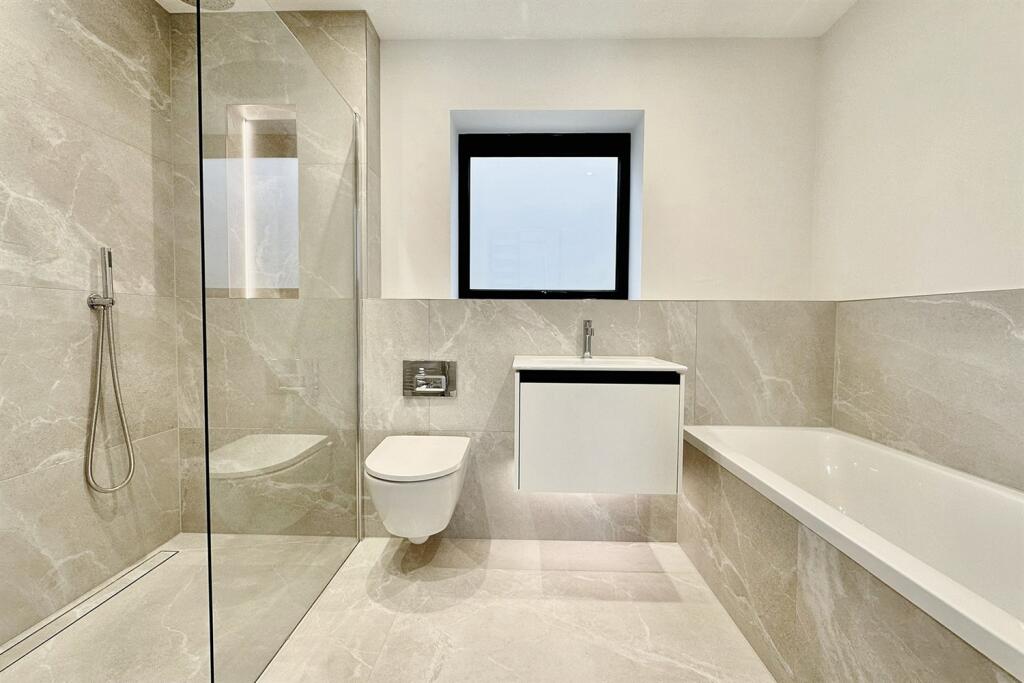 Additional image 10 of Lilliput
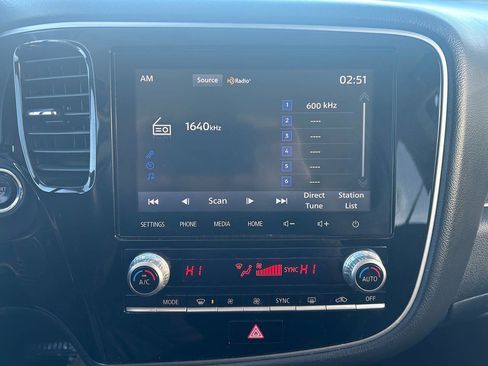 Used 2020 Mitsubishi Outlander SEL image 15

--

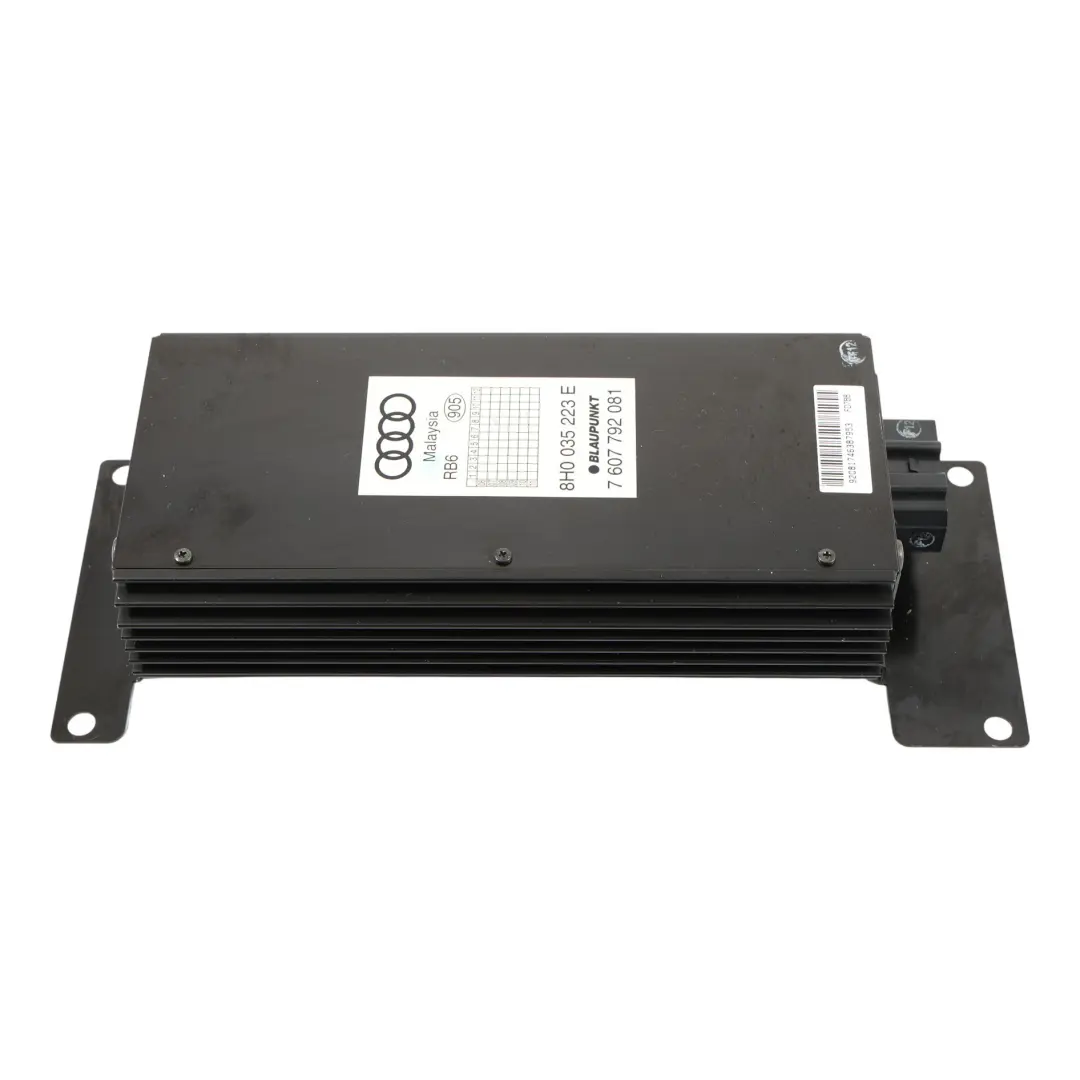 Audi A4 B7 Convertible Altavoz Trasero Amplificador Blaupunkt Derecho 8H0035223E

Exercise instructions: In the listing above, find the line holding "Additional image 10 of Lilliput" and the line holding "Used 2020 Mitsubishi Outlander SEL image 15". Reproduce those two lines and all between them exactly, leaving out pictures.

Answer to this task:
 Additional image 10 of Lilliput
 Used 2020 Mitsubishi Outlander SEL image 15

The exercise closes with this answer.